The bikinis were hers. She had nothing on. Completely nothing.

“What a coincidence, Ken?”

“Coincidence is an operative word…”

“To hell with your operative words.”

“I never expected to find
anyone
here, even you.”

“So, you tell me that I can’t use anything in this...”

“That’s not what I meant, Shirli. What’s wrong with your bikinis?”

“Stop bickering and join me for a swim. For bikinis, I don’t like them.” She splashed the warm water onto my face playfully and swam to the deeper end. I joined her.

A quarter an hour later she climbed up the ladder and got out of the pool. I followed her. She had the most beautiful body I had ever seen. I tried as much as I could not to give in to what I was feeling but the devil won.

I took her in my arms disguising my intention to hold her in the act of drying her. I just wanted to feel that body of hers against mine. I tried to turn the drying to fondling and to my consternation she did not resist. I felt her tremble and I followed suit. I did not know whether it was from yearning or cold. I searched for her mouth and to my relieve she responded. Lord, all her fortresses tumbled down so easily, much easier than I had anticipated.

The kiss was measured, yet prompt; needing yet wanting, fearful yet bold. When at last she pushed me away, tenderly, I could feel the reproach all over. I knew I had lost it,
just like that
.

She shimmied on her bikinis and started towards the house. I prayed to God she was not doing what I was thinking.
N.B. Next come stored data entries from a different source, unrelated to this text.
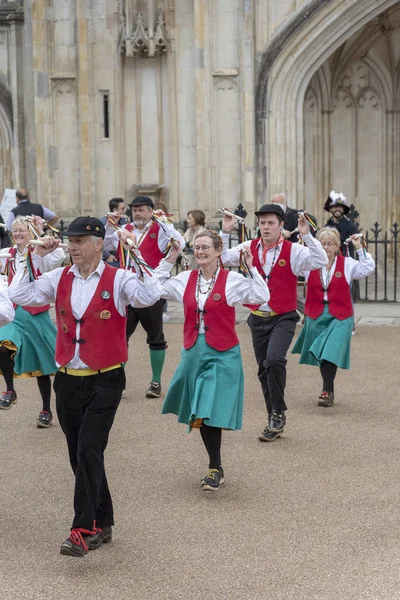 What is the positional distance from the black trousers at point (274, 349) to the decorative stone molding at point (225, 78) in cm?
912

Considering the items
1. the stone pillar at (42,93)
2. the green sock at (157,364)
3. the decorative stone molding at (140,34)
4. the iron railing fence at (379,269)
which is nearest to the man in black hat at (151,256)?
the green sock at (157,364)

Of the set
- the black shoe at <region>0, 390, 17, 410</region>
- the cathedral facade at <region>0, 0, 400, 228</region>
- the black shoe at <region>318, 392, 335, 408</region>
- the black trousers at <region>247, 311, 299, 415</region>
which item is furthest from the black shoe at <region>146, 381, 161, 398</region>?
the cathedral facade at <region>0, 0, 400, 228</region>

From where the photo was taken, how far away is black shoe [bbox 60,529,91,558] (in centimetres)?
491

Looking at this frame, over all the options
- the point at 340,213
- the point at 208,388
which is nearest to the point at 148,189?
the point at 340,213

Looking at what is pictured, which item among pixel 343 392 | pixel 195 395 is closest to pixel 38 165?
pixel 343 392

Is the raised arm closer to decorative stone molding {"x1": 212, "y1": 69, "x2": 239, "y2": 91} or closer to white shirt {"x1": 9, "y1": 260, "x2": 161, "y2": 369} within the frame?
white shirt {"x1": 9, "y1": 260, "x2": 161, "y2": 369}

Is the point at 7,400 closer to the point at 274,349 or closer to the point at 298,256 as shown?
the point at 274,349

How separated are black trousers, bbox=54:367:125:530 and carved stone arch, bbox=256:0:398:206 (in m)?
11.4

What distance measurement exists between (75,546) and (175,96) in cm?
1233

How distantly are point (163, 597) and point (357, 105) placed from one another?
640 inches

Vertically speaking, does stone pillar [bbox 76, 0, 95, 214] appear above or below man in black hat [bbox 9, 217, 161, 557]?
above

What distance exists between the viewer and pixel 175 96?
16391 mm

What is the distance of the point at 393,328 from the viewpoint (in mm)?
12703

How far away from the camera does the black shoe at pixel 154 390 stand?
897 centimetres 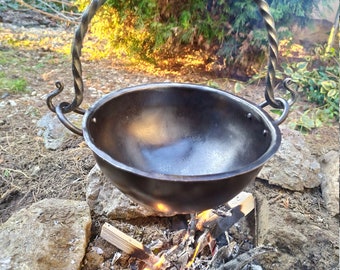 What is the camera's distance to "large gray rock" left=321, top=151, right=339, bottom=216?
166 centimetres

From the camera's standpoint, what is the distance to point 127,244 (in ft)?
4.25

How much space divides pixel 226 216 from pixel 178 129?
0.42 m

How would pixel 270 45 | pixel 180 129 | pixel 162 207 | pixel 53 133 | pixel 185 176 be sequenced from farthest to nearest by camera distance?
pixel 53 133, pixel 180 129, pixel 270 45, pixel 162 207, pixel 185 176

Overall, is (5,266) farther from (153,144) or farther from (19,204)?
(153,144)

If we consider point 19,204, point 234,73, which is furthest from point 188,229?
point 234,73

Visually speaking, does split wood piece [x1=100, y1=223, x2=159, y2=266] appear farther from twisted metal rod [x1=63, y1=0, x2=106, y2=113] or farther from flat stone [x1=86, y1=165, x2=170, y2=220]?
twisted metal rod [x1=63, y1=0, x2=106, y2=113]

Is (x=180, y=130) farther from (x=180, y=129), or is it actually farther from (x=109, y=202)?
(x=109, y=202)

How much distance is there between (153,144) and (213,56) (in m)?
1.92

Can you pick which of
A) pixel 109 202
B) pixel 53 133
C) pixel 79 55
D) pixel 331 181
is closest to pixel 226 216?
pixel 109 202

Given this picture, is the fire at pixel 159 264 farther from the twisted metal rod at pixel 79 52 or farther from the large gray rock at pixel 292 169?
the large gray rock at pixel 292 169

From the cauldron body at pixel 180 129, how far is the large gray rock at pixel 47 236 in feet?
1.09

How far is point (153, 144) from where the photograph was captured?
4.54 ft

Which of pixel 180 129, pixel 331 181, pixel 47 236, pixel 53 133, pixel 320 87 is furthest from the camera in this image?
pixel 320 87

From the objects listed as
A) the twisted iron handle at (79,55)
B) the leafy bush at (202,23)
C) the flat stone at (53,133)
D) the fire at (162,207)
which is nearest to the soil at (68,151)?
the flat stone at (53,133)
Cor blimey! She was doing it. She was going to my house.

We started kissing again the minute we entered the house. I felt her sigh and lean her head against my neck. She trembled again and her legs parted slowly against mine as we kissed again. I felt she was aware of herself as I was of myself. I felt myself tumescent and grow hard against her stomach. A craving for what I had not had for over a year now almost electrocuted me. It was as though it was electricity passing through me. I carried her to the bedroom as though she were a two-year-old toddler. The queen size canopied bed took her without complain. I scraped off the wet bikinis and got away with my briefs at the same time. No foreplay, no silly games. It was straight to congress.

I was on top of her. She was the finest satin sheet I had ever lied upon. I felt her legs part slowly and I knew that she was already ready for our first time together. I directed myself into her. Her orifice of pleasure was so tight that I rained salt to pass through. She swung her hips, arched her back up, opened her legs wider and at last I broke the barricade to her womanhood. I felt the dam burst from me inside her and I knew I was done. At last.